The €108m sale of Irish banking software firm Eontec to Siebel recently is likely to be “the exception rather than the rule in the short term as there are only a handful of interesting technology companies worth significant money in Ireland today,” said Neil O’Leary (pictured), chief executive of Ion Equity in his review of merger and acquisition (M&A) activity in Ireland during the second quarter.
According to Ion Equity’s quarterly M&A Tracker, M&A activity in the Irish marketplace in the second quarter of this year rose by nearly €500m to €2.6bn compared to the second quarter of 2003 in terms of the total value of all disclosed transactions. A significant portion of the activity went to both CRH and Kerry Group as well as the acquisition of the Savoy hotel group by Quinlan Private in a deal worth €1.1bn. The value of the various deals broke the €2.5bn barrier for the first time in over 15 months.
The IT and telecoms sector accounted for approximately 13pc of the overall deal volume during the second quarter and only 5pc of the overall deal value at €124.4m.

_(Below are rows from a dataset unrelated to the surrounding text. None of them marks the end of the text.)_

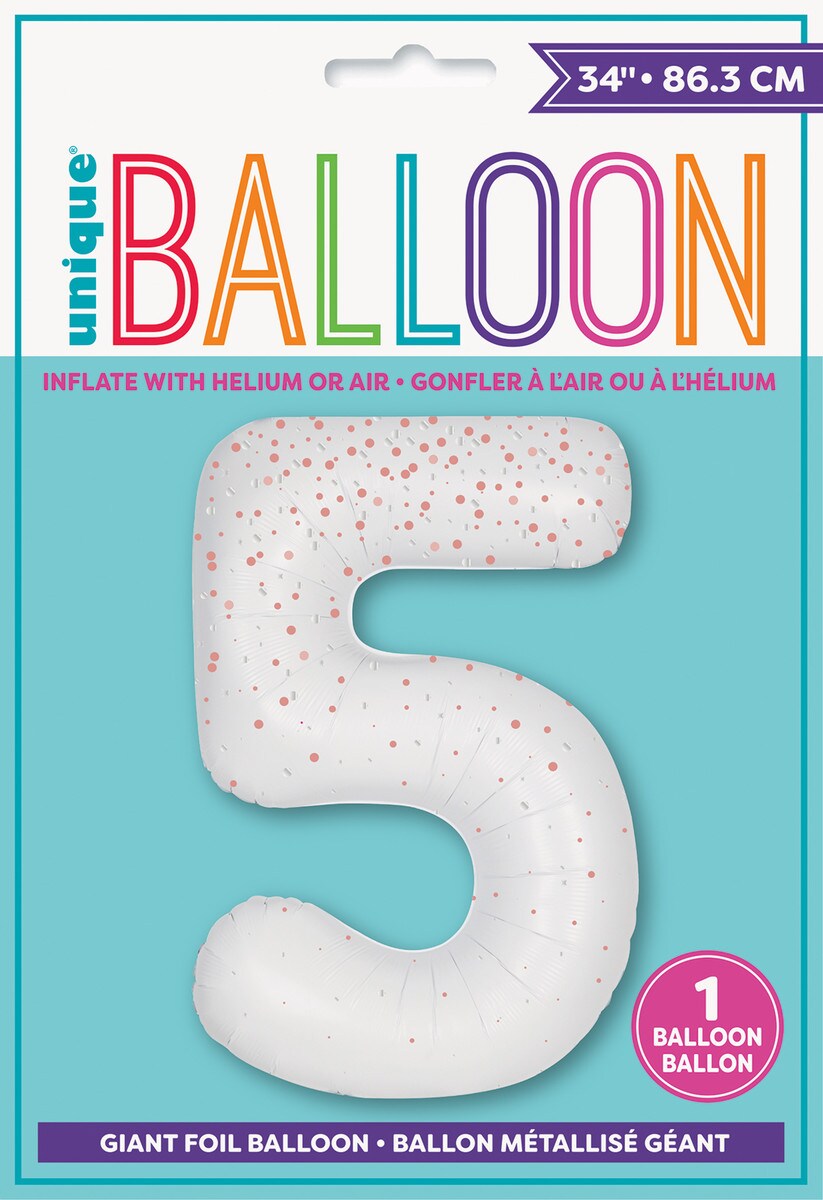 Balloon Giant Number 86cm Prism - White/Rose Gold 5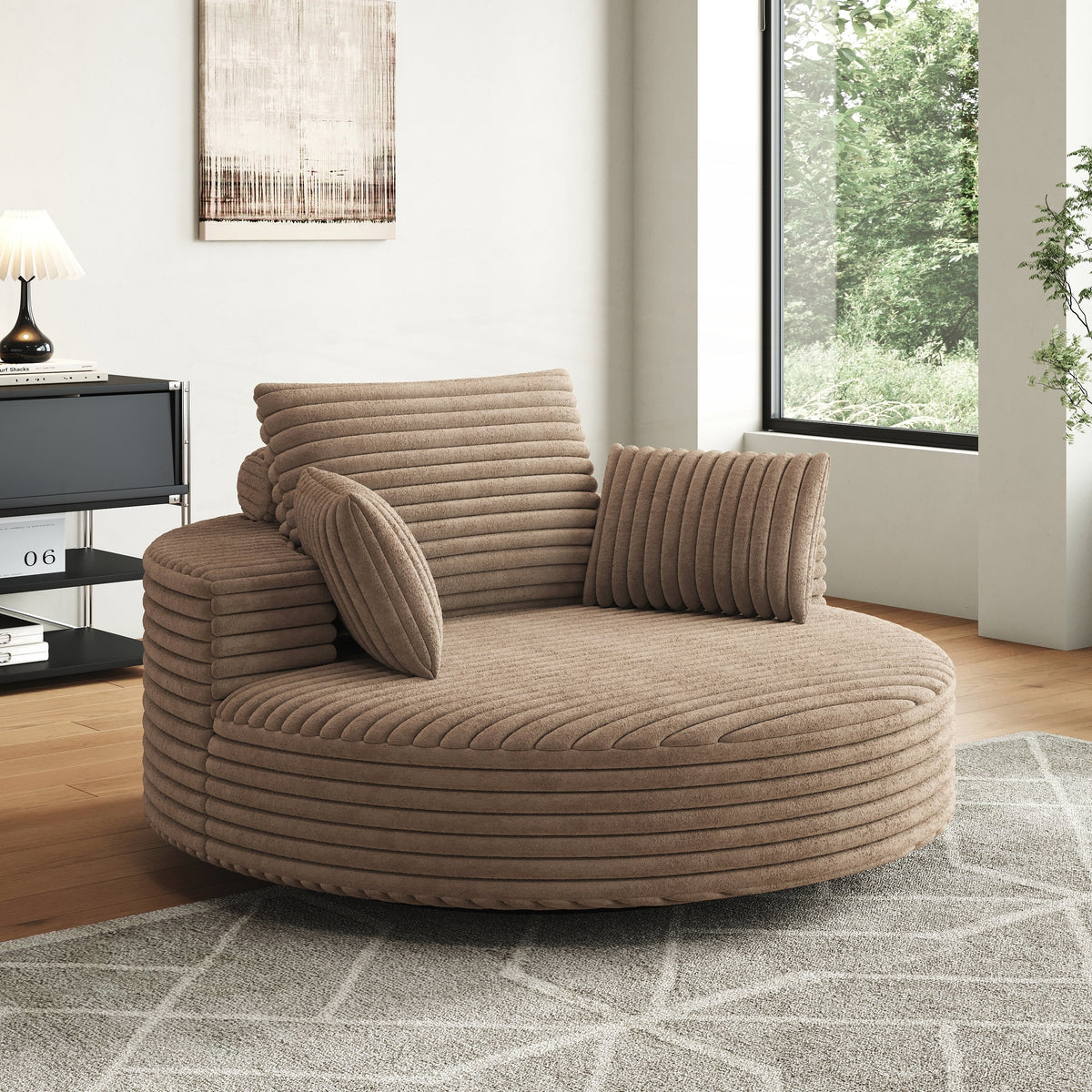 Fauteuil pivotant individuel en mousse et chenille côtelée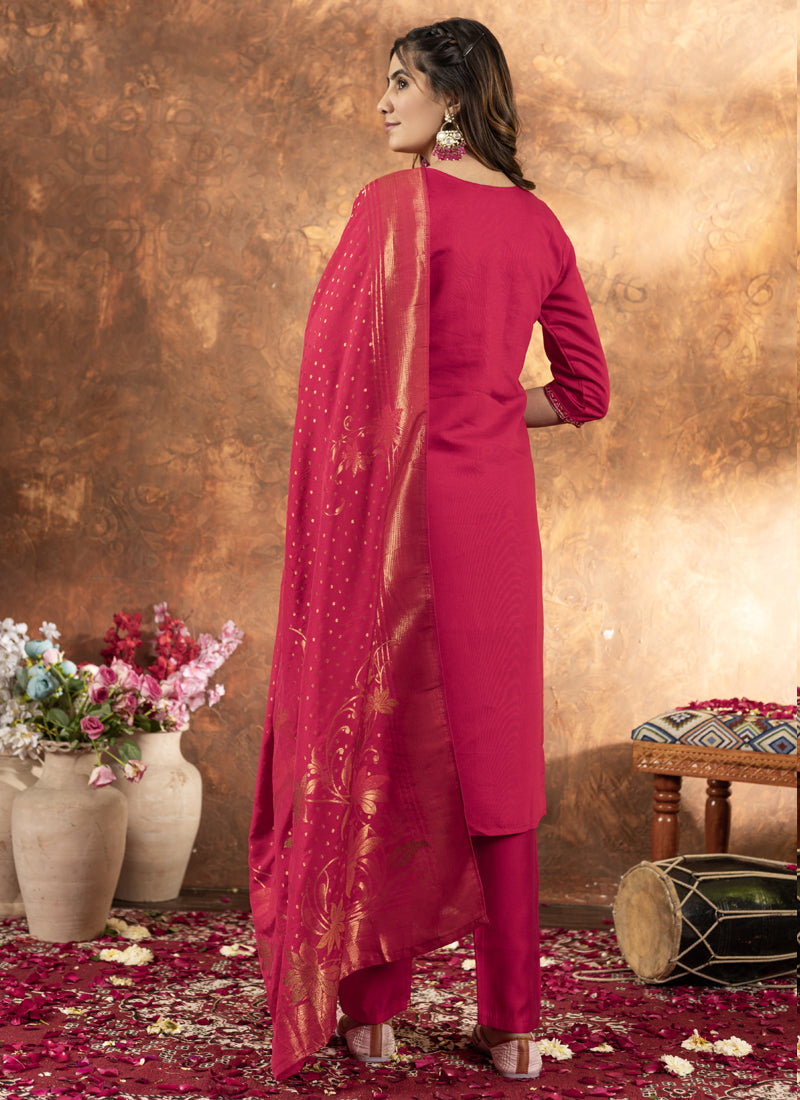 Prazu Fashion Pink Marina Silk Thread Embroidered Kurta Set | Grocsy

M&A activity in the tech sector was dominated by the €108m sale of Eontec to Siebel Systems in April. Other prominent tech deals included Sage’s acquisition of Denver Manufacturing Ltd for €1m in April and its acquisition of Service Software Accounting Package in May for an undisclosed sum; Top Security’s acquisition of Systemhouse Technology for €7m in May; ID Data’s acquisition of Cardbase Technologies for €3.42m in June; and Plasmon plc’s acquisition of Raidtec Holdings for €5m in April.
Another interesting acquisition that was filed under financial services in the M&A Tracker Survey was US Bankcorp subsidiary NOVA Info’s acquisition of Bank of Ireland’s euroConex Technologies in April for €40m.
“In terms of the number of deals, the most active sectors were food, industrial, IT/telecoms and leisure/travel – the latter mostly involving the sale or acquisition of hotels. As with the bigger deals, most of the buyers were Irish, and in the case of smaller deals the main driver is either consolidation in the Irish market or the opportunistic acquisition of overseas assets in the UK.
“In the technology sector, the sale of Eontec to Siebel for the very strong price of €108m suggested to some that the day of rich return from the technology sector are back. But the Eontec deal is likely to be the exception rather than the rule in the short-term as there are only a handful of interesting technology companies worth significant money in Ireland today,” O’Leary said.
“Looking ahead, although most of the underlying economic indicators are good, and financial buyers are finally getting a run for their money from corporate buyers, there is by no means a consensus that we have fair sailing in the medium term.”